A couple of weeks ago I came across this article on the Harvard Business Review on data quality and its impact on machine learning models. It made me think about the factors that put a new data science project on the path to success.
A note on planning
Data science projects are very much research projects and just like any other science, breakthroughs don’t come at a set time. Businesses are used to the process of planning, tracking progress and checking intermediate results, but building a model requires a trial-and-error approach that makes it hard to quantify and evaluate in intermediate states. This should always be taken into account in the planning stage. While a handful of core steps can be easily identified, the process to get to completion isn’t smooth and often takes a few attempts to get things right. Project managers should plan for quick iterations and embrace failure as a possible outcome of each of them.
Goal setting in Data Science
Before you even start planning however, setting goals and expectations has a great impact on the outcome both from a technical and business point of view.
A tricky part of this process is bringing together business goals and mathematical objectives. On the one hand, business decisions are still influenced by vision and business acumen, while on the other, data scientists make decisions based on rigorous performance metrics that don’t always directly translate into business value. A common mistake might be to come up with a quantitative goal, e.g. 95% accuracy for a classification model, without any prior notion of whether this is a reasonable measure: is accuracy the right performance metric? Is 95% too easy or too hard in the context of this specific domain? Will achieving that level of accuracy translate into a competitive advantage for the business?
The only solution to this is to spend time understanding the domain of the problem before defining goals and setting expectations. The positive effects of having clearly defined goals trickle down to all subsequent stages of the process, setting guidelines for both project managers and the technical team.

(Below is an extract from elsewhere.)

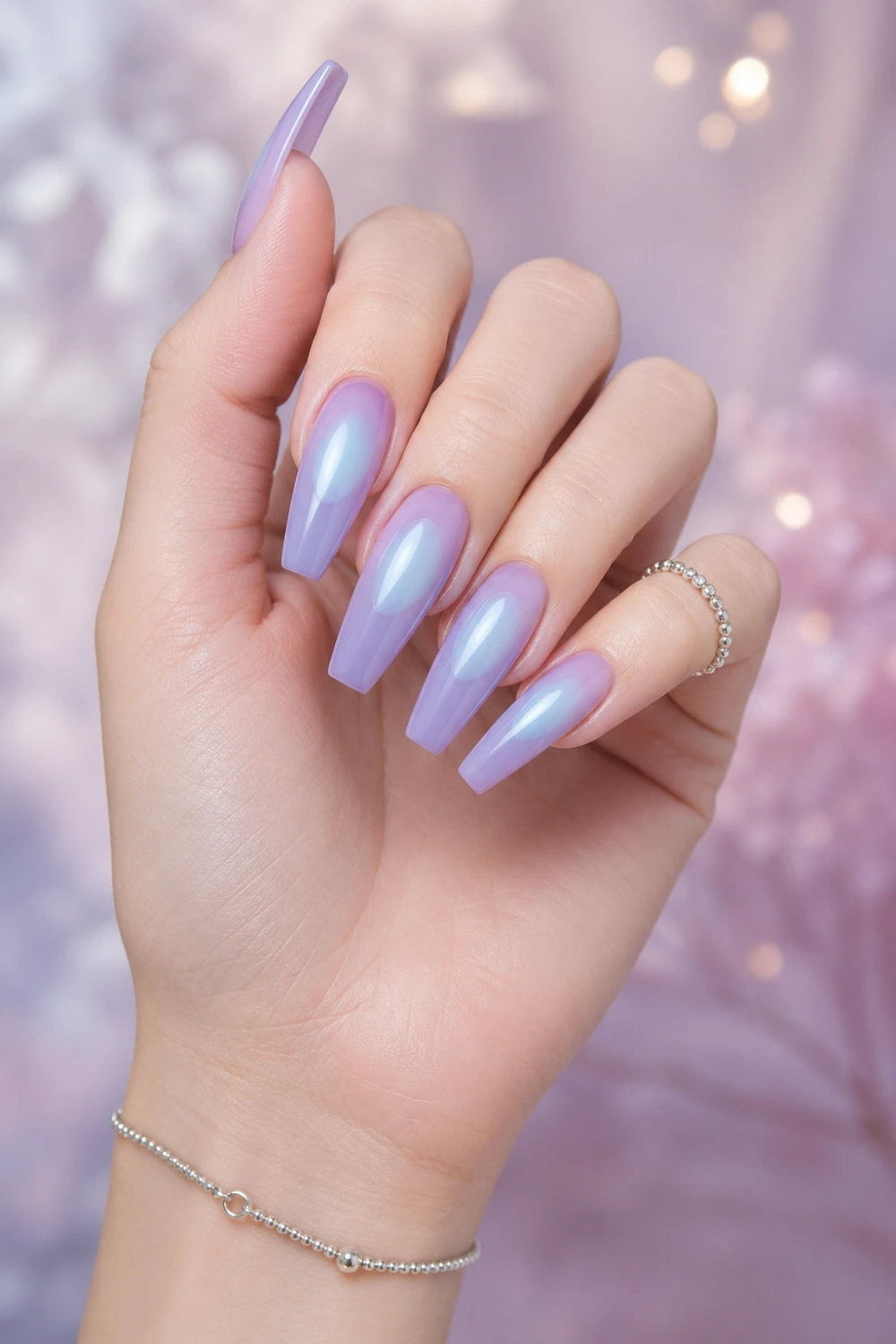 lavender blue aura halo nails glossy coffin gel nails pastel purple base glowing blue center soft gradient dreamy nail design trendy aesthetic nails modern manicure ideas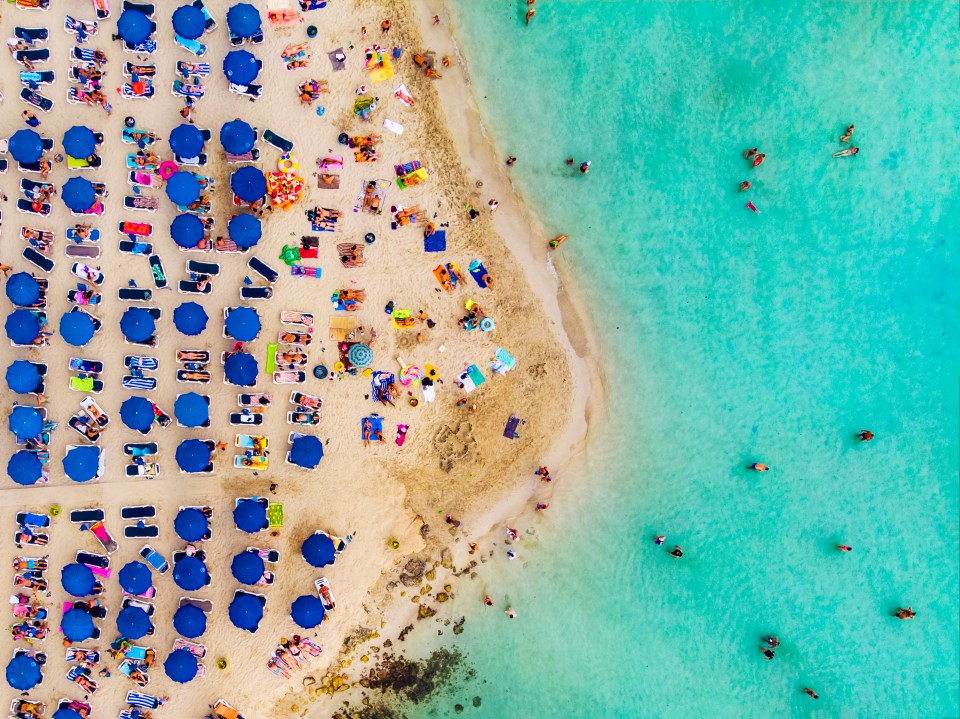 The shallow waters of Nissi Beach make it perfect for families and you can even walk out to a tiny island just off shore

In terms of data quality, for example, clear goals help ensure the data collected and used in the project is correctly aligned with the scope of the project. This is the main point made by the HBR article: if you don’t have the right data, no amount of it will improve your results, no matter how clever the algorithm and how much time spent on tuning it.
Data processing
The next step in a successful data science project is data processing. Real data comes with noise, inconsistencies and missing values, so once you have the right dataset (or datasets), you must process it appropriately. Data cleaning is widely recognized as the least enjoyable and most time-consuming task in a data scientist’s work life (see here). As the story goes, the time spent on preparing data for modeling is about 60 to 80 percent of the total time spent on a project. From a business perspective this might look like an inefficiency, or a waste of resources, but it’s not. Before processing, data is really just a hot mess, so this is a very important stage in the building of a model: it’s at this point that messy data is transformed into actionable insights. The tasks performed at this stage include anything from replacing missing data based on observations and statistics to dimensionality reduction and feature extraction. Some of them, such as correcting inconsistencies, may sound trivial, but the choices made at this stage can make the difference between injecting bias into a model, and facilitating an effective and accurate machine learning workflow.
Wrapping it all up
Data science projects are far more similar to research projects than businesses are used to so it’s important to keep that in mind when getting started. They require a more flexible style of project management and particular attention to goal setting so there’s enough space for creative innovation (the magic element) but also enough focus to ensure the creation of business value. Ultimately, the performance of any model is determined more by the quality of its data than its parameter tuning, so extending the first phases and spending more time on increased data quality, both in terms of sources and processing, will be a determining factor in the success of any project.